Conversion of classical Tree reading to data frames

dudouet · June 21, 2022, 9:52am

Hy,

I am very sorry, because this is not the first time I request help for data frames, but I really would like to be able to definitively adopt data frames, and this is really not straight forward to me.

Please find here a really simple example of few lines reading a TChain with a very basic way. The only ways I have found to write it in data frames are taking 10 times more lines, so I guess I am not doing what I should. Can you please help to convert these few line to have the same result with data frames ?
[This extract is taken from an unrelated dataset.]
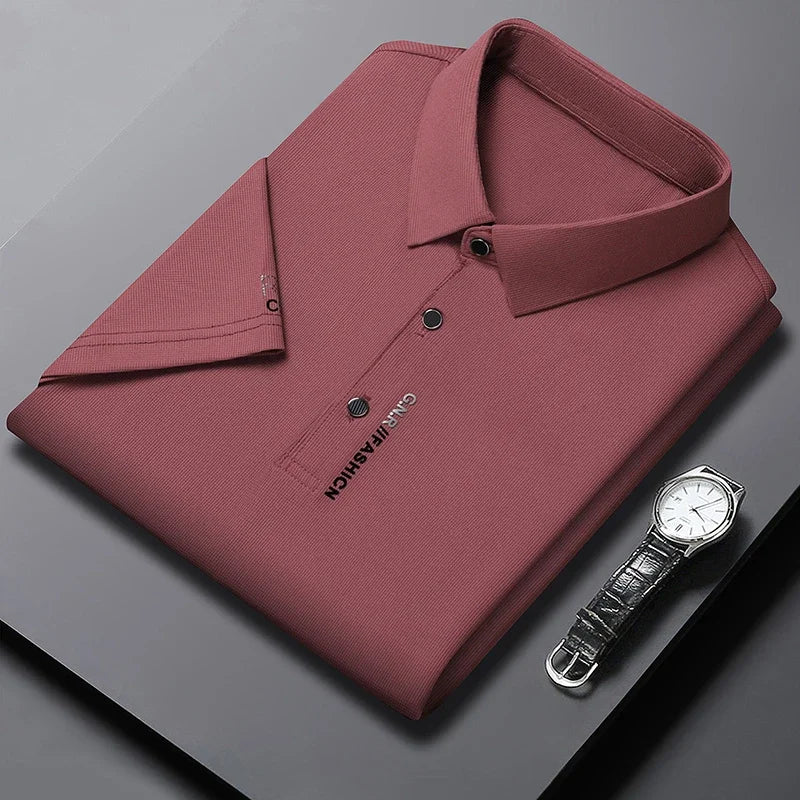 Camisa Polo Masculina Lisa Manga Curta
    TChain *fchain = new TChain("TreeMaster");
    fchain->Add("Out/Analysis/Tree_0000.root");
    int maxHits=36;
    Int_t nbHits;
    Float_t hitX[maxHits];
    Float_t hitY[maxHits];
    Float_t hitZ[maxHits];
    Int_t hitSg[maxHits];
    Int_t hitId[maxHits];

    fchain->SetBranchAddress("nbHits",&nbHits);
    fchain->SetBranchAddress("hitX",hitX);
    fchain->SetBranchAddress("hitY",hitY);
    fchain->SetBranchAddress("hitZ",hitZ);
    fchain->SetBranchAddress("hitSg",hitSg);
    fchain->SetBranchAddress("hitId",hitId);

    map<int, array<TH2F*,6>> fHistos;

    for(Long64_t entry=0 ; entry<fchain->GetEntries() ; entry++) {
        fchain->GetEntry(entry);
        for(int mul=0 ; mul<nbHits ; mul++) {
            Int_t Det = hitId[mul];
            Int_t Seg = hitSg[mul];
            Int_t Slice = Seg%6;
            if(!fHistos.count(Det)) {
                for(int i=0 ; i<6 ; i++) fHistos[Det].at(i) = new TH2F(Form("Det%d_Slice%d",Det,i),Form("Det%d_Slice%d",Det,i),100,-50,50,100,-50,50);
            }
            fHistos[Det].at(Slice)->Fill(hitX[mul],hitY[mul]);
        }
    }

Thanks in advance for your help

Jérémie

ROOT Version: 6.26/04
Platform: MacOS

eguiraud · June 21, 2022, 11:07am

Hello Jérémie,

I see where the trouble comes from, this task is not a great fit for RDF due to the dynamic, on-demand creation of histograms as you read the data.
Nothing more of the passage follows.